The return to work

The impending end of lockdown has brought into focus two distinct camps: those that are racing to get back to their 7am spin classes followed by busy days in the office and those that just aren't.

The return to work

The impending end of lockdown has brought into focus two distinct camps: those that are racing to get back to their 7am spin classes followed by busy days in the office and those that just aren’t. While working from home has been far from a walk in the park (less Carrie Bradshaw tapping away at her laptop with a Cosmopolitan, more like an episode of The Walking Dead as you endure your 456th Zoom call that day), we can’t take for granted that all of us are desperate to get back to the office full time. 

In Human Element, a recent report published by PUSH, we commissioned YouGov to carry out a survey of 3,000 employees to dig deep into the impact of the pandemic on the world of work, and specifically on the people at the heart of it. We found that a significant 30% of us are anxious about returning to the office, increasing to 38% for under 35s. Of the people we interviewed, 36% believe that they will be expected back in the office 100% of the time, even though almost half of the group spoke of how this would be detrimental to their mental wellbeing. So why, after a year of dramatic change and uncertainty, are people feeling the pressure to alter their lives once again? For one thing this transitional period has spawned a new strain of presenteeism ‘ the fear that not showing our faces in the office will result in us kissing goodbye to any promotion or pay rise opportunities in the future. 

The solution is an efficient hybrid working solution with a robust level of trust at its core. Leaders must be able to trust that their employees work effectively from home, while workers should feel confident that they will be included as part of the team and won’t be overlooked for promotions. All this is within the control of our business leaders, whose priority at this crucial time has to be doubling down on communication across all areas. The first to tackle is the element of surprise; even those of us who love surprises would probably prefer not to have them in our working lives, so try to avoid dropping a ‘we’ll be back in the office tomorrow!’ bombshell via email. Include your employees in the conversations, share any updates as they’re made and give people plenty of time to process the new protocols. This will help instil a sense of psychological safety and a feeling of control over future events ‘ things that have been cruelly snatched from us since the pandemic hit. 

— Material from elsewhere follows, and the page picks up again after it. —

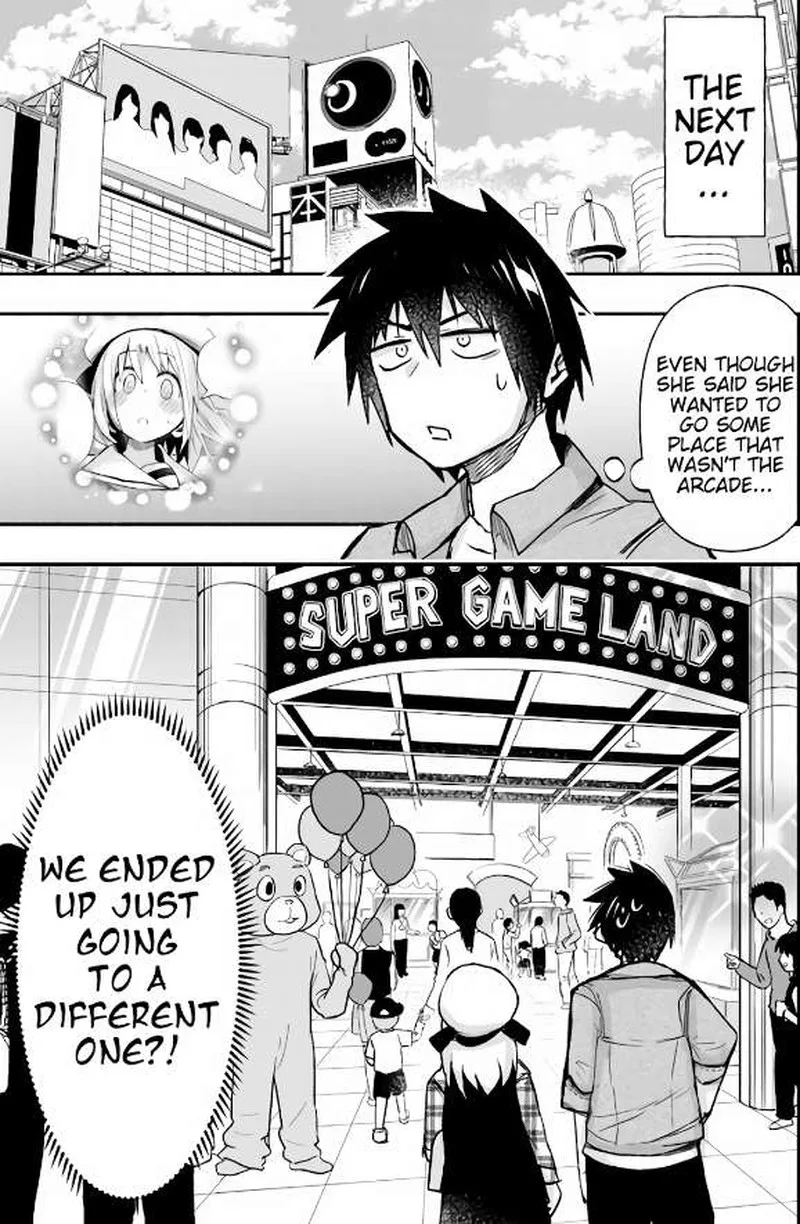 Geesen Shoujo to Ibunka Kouryuu Chapter 9 page 3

Furthermore, take the pressure off by viewing this as a time for experimenting. Last year we were thrown at turbo-speed into the future of working and now’s the time to step back and take stock of what works and what doesn’t for your company and the people in it. Keep the channels of communication open and encourage feedback from employees as you fine-tune your perfect working model; remember you won’t necessarily get everything right first time. Within this, be sure to establish company-wide behaviours and boundaries, agreed upon by everyone from the get-go. This will save all involved a whole lot of emotional anguish and mental energy, which would be better invested in nurturing their personal development and your business. 

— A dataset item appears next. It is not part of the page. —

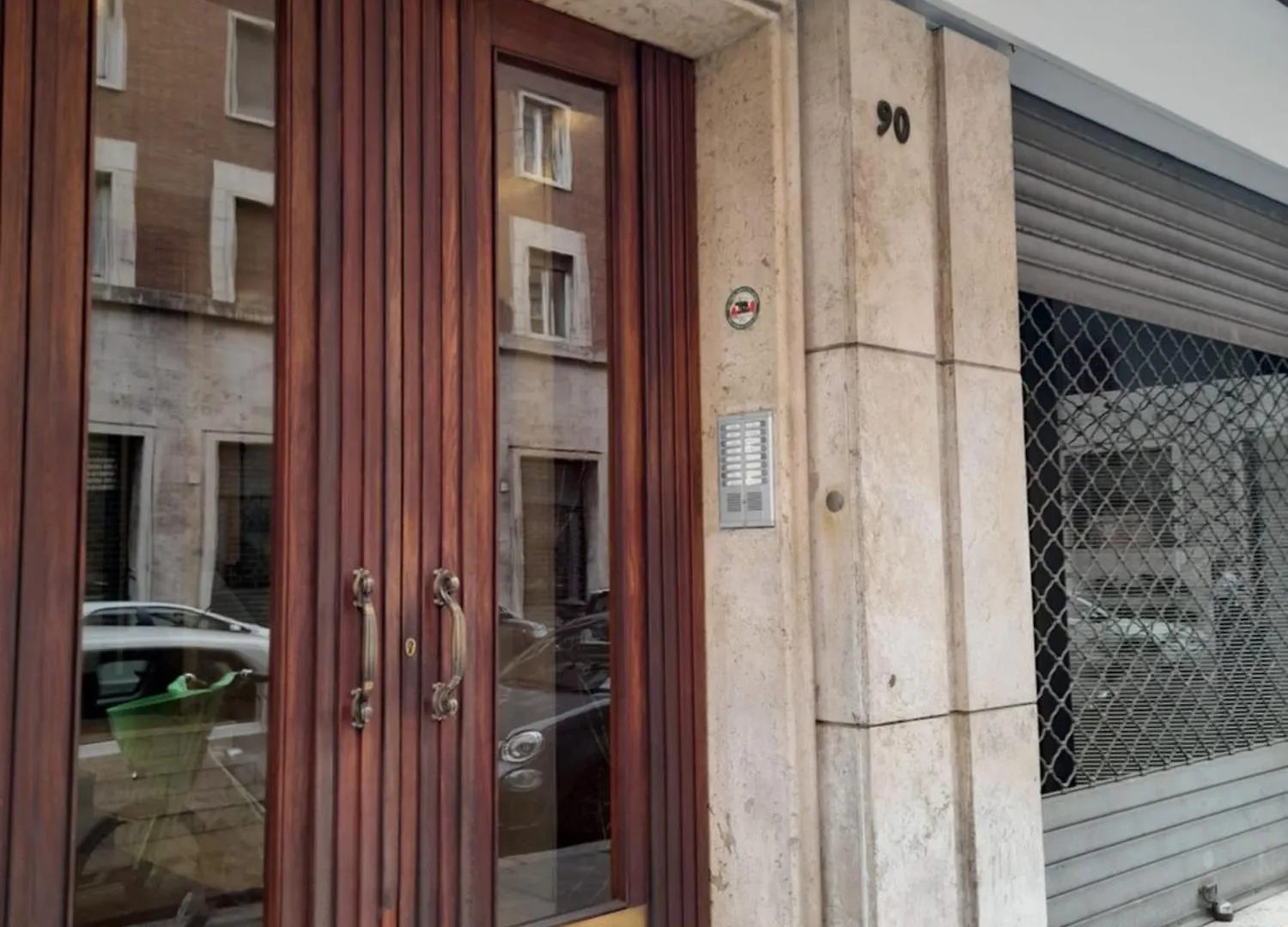 Apartment Appartamento Vicino Alla Metropolitana Rome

Finally, providing both emotional and practical support for your staff is fundamental. Commit to upskilling ‘ for you and employees ‘ utilising programmes that are relevant to your organisation. Each company and its people are unique, so get the gauge on how your staff are feeling, then use these insights to shape your brief. Promoting self-development is not only a huge booster for team morale but is also a proven and powerful tool for increasing profitability and employee retention. It’s the ultimate win-win.

As we move tentatively towards the light at the end of the tunnel, this time should be embraced as an opportunity to change the landscape of work forever. By placing people at the heart of our organisations we can reach heights that were previously unattainable in the pre-Covid years. It’s just going to take a little push.